(This post is part of a series of entries examining the Deficit Commission Co-Chairs’ Proposal. For the first post in the series, please start here.)
In previous posts, I identified the marginal tax rates that are being proposed as part of the tax reform proposals in the deficit commission’s discussion draft. I called the set of rates in the draft the most “optimistic scenario” because to believe tax rates could lowered significantly, one must believe that repealing all tax expenditures would in fact raise as much revenue as summing the tax expenditure estimates together suggests ($1.1 trillion according to the discussion draft).
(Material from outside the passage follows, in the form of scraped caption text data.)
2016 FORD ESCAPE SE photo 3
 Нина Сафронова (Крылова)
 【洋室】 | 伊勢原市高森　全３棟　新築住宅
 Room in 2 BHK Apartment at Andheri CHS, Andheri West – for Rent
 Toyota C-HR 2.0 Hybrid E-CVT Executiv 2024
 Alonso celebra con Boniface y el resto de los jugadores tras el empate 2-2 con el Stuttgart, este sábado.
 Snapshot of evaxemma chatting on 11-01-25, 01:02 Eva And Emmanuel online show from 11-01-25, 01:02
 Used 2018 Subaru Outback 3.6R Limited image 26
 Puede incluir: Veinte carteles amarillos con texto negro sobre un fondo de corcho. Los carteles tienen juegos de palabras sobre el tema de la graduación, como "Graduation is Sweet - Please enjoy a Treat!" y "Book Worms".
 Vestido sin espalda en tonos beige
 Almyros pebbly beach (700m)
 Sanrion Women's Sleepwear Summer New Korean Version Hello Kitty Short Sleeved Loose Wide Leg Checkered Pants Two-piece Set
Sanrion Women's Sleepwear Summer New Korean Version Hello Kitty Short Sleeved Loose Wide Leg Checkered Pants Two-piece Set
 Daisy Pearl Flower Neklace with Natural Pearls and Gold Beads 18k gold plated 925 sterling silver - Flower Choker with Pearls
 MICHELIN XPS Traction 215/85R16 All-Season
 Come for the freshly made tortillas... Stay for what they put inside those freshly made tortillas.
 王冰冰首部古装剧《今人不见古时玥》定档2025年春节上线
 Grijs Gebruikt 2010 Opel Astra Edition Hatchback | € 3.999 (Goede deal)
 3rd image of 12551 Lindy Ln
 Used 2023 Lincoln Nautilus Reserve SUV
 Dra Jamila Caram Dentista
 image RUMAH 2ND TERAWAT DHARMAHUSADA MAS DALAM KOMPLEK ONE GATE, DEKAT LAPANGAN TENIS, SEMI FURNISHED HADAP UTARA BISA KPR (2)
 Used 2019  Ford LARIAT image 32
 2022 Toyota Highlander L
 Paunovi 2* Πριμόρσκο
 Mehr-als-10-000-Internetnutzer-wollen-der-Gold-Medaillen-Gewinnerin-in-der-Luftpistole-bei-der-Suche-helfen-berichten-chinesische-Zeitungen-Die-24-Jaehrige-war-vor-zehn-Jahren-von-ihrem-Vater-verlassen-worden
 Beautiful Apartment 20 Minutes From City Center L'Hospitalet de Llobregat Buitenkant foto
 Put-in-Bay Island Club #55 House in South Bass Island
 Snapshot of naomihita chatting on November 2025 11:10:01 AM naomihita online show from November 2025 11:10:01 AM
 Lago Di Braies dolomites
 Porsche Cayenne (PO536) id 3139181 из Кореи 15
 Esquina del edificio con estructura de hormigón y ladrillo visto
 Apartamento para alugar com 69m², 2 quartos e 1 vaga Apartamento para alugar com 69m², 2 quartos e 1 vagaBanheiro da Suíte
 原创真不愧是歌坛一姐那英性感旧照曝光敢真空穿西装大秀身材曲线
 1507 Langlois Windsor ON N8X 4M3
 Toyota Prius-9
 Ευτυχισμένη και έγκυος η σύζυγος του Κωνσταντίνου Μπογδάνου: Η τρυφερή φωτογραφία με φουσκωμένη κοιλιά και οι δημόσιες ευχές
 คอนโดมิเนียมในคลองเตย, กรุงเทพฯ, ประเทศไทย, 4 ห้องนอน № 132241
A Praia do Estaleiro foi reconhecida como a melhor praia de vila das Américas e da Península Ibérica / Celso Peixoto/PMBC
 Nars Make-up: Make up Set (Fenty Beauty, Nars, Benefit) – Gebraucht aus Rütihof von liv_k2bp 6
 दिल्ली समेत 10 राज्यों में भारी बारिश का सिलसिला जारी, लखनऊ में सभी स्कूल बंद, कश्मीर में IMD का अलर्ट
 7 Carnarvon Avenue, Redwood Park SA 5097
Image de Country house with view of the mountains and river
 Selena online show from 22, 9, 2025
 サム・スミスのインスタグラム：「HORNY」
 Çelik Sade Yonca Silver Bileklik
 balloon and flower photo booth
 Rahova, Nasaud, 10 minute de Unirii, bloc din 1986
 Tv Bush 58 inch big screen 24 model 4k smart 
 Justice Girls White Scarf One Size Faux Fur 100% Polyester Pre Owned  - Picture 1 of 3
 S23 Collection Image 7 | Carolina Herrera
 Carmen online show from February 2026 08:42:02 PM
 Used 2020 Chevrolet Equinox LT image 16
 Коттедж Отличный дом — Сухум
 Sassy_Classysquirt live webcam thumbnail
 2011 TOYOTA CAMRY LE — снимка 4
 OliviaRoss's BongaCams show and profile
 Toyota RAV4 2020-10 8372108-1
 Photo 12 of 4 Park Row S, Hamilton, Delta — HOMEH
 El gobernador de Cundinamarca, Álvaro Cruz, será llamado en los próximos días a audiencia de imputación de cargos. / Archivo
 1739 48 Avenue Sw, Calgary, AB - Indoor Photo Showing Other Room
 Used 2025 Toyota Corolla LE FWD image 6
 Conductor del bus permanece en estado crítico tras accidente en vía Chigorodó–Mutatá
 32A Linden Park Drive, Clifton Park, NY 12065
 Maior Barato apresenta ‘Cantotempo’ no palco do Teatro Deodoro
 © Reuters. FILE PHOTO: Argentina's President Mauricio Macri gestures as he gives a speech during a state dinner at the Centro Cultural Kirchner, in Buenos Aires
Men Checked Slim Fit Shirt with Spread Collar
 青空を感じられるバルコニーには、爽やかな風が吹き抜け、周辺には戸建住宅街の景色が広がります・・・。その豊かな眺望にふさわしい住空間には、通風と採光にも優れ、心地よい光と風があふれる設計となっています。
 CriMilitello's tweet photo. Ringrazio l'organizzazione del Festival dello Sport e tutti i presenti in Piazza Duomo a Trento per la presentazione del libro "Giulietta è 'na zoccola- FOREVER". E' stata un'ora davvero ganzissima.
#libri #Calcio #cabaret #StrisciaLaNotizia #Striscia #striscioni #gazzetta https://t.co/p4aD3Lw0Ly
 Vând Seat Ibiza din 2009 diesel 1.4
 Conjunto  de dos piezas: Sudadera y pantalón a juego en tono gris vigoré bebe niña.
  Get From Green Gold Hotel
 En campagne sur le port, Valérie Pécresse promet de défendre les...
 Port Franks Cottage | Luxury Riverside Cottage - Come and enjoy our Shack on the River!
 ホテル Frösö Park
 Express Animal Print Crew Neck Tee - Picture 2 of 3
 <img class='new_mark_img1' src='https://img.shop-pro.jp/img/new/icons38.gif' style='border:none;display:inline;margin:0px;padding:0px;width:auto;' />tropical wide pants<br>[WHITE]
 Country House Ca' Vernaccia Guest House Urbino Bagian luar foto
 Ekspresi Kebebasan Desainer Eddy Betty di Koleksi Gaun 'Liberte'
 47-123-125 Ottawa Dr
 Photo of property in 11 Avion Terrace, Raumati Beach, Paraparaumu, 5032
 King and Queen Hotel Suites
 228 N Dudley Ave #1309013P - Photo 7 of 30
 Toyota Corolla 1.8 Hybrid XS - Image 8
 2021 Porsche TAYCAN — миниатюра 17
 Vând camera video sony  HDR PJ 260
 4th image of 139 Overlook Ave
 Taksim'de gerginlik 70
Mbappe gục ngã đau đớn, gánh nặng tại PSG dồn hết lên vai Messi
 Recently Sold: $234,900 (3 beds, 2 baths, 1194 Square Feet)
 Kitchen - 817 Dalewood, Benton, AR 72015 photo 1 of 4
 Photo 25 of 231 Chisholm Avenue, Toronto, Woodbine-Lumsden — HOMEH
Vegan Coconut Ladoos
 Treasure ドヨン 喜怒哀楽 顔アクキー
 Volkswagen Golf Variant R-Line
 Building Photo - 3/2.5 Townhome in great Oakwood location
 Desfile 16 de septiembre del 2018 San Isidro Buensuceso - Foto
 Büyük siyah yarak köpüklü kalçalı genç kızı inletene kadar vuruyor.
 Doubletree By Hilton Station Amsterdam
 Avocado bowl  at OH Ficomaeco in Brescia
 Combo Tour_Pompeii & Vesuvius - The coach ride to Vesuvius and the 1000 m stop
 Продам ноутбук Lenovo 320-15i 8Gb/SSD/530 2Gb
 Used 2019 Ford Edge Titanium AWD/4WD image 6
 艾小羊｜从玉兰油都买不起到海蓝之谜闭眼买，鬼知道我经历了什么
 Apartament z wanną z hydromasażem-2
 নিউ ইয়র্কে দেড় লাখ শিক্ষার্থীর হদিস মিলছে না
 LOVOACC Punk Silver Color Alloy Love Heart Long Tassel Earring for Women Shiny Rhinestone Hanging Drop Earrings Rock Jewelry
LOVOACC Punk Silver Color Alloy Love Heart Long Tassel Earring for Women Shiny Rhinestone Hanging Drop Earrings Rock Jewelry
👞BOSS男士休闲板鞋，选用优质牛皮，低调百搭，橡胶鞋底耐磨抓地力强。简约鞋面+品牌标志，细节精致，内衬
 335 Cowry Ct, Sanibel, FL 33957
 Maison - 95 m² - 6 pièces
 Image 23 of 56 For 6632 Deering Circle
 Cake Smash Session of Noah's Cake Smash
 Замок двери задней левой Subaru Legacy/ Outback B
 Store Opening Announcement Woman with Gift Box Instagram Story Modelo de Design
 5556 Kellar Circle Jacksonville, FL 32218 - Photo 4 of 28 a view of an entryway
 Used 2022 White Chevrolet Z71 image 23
However, research by economists has demonstrating that this result is implausible. Summing tax expenditure estimates, as the report does, produces some double counting of potential revenue. More importantly, revenue estimates (estimates of what the government is expected to collect under a policy change) allow micro-behavior responses, thereby more accurately reflecting taxpayers’ changes in economic activity (on the other hand, macroeconomic effects, or dynamic scoring effects, are still ignored for revenue estimates).
Tax expenditure estimates assume no micro nor macro behavior at all – they are double-static estimates to coin a phrase. From these facts, we can conclude that a corresponding set of revenue estimates for repealing all of these tax expenditures is unlikely to generate the $1.1 trillion per year the co-chairs report, thus requiring higher marginal tax rates than promised in the draft.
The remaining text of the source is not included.